PETER SZOLOVITS: And by the way, the committee that is designing ICD-11 has been very active for years. And so there is another one coming down the pike. Although, from what I understand--
KATHERINE LIAO: Are you involved with that?
PETER SZOLOVITS: No. But Chris Chute is or was.
KATHERINE LIAO: Yes, I saw. I said, don't do it.
PETER SZOLOVITS: Well, but actually, I'm a little bit optimistic because unlike the traditional ICD system, this one is based on SNOMED, which has a much more logical structure. So you know, my favorite ICD-10 code is closed fracture of the left femur due to spacecraft accident.
KATHERINE LIAO: I didn't even know that existed.
PETER SZOLOVITS: As far as I know, that code has never been applied to anybody. But it's there just in case. Yeah.
AUDIENCE: So wait, for the ICD-11 you don't think take that long to exist because it's a more logical system?

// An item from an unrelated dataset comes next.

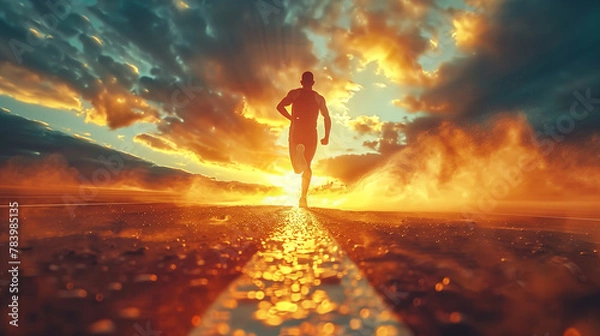 Fototapeta A man running on the road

PETER SZOLOVITS: So ICD-11-- well, I don't know what it's going to be because they haven't defined it yet. But the idea behind SNOMED is that it's more a combinatorial system. So it's more like a grammar of descriptions that you can assemble according to certain rules of what assemblies make sense. And so that means that you don't have to explicitly mention something like the spacecraft accident one. But if that ever arises, then there is a way to construct something that would describe that situation.

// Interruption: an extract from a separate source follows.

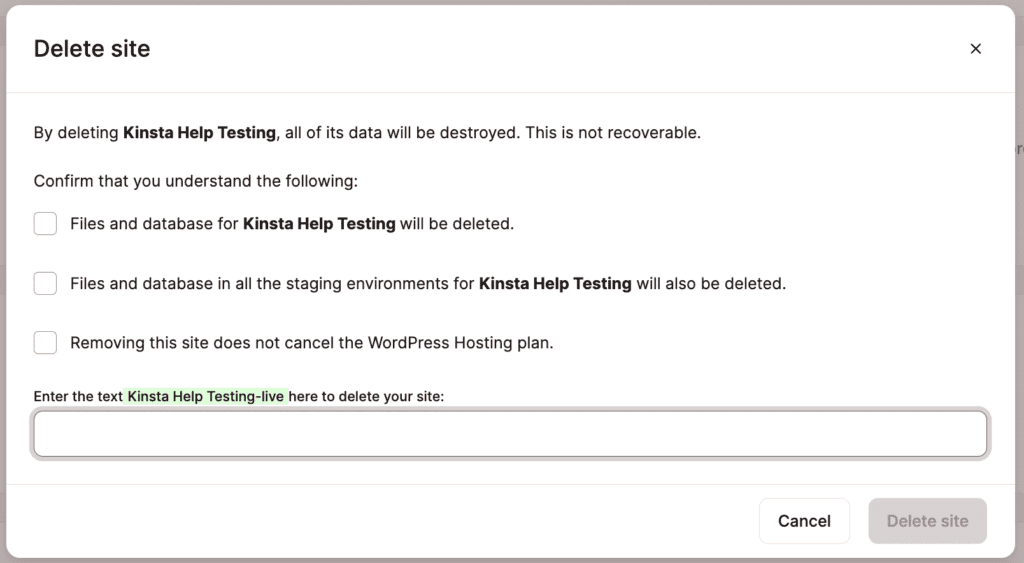 Delete WordPress site confirmation.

KATHERINE LIAO: I ran into Chris at a meeting and he said something along the lines that he thinks it's going to be more NLP-based, even. I don't know. Is it going to be more like a language?
PETER SZOLOVITS: Well, you need to ask him.
KATHERINE LIAO: Yeah, I don't know. He hints at it [INAUDIBLE]. I was like, OK, this will be interesting.
PETER SZOLOVITS: I think it's definitely more like a language, but it'll be more like the old Fred Thompson or the Diamond Diagram kind of language. It's a designed language that you're going to have to learn in order to figure out how to describe things appropriately. Or at least your billing clerk will have to learn it. Yeah?
AUDIENCE: I know we're towards the end. But I had a question about when a clinician is trying to label data, for example, training data, are there any ambiguities ever, where sometimes this is definitely-- this person has RA. This person, I'm not really sure. How do you take that into account when you're actually training a [INAUDIBLE]?
KATHERINE LIAO: Yeah. So we actually have three categories-- definite, possible, and no. So there is always ambiguity. And then you always want to have more than one reviewer. So in clinical trials when you have outcomes, you have what we call adjudication.
So you have some kind of system where you have the first sit down, you have to define the phenotype. Because not everybody is going to agree, even for a really clear disease, how do you define the disease. What are the components that has to happen. For that, they're usually for societies or classification criteria for research.
So there actually is one for RA, you know, for coronary artery disease. And then it is having those different categories in a very structured system for adjudicating. You know, blindly having two reviewers review 20, you know, let's say 20 of the same notes and look at the integrated reliability. Yeah. That's a big issue.
PETER SZOLOVITS: All right. I think we have expired. So Kat, thank you very much.
KATHERINE LIAO: Yes, thank you, everybody.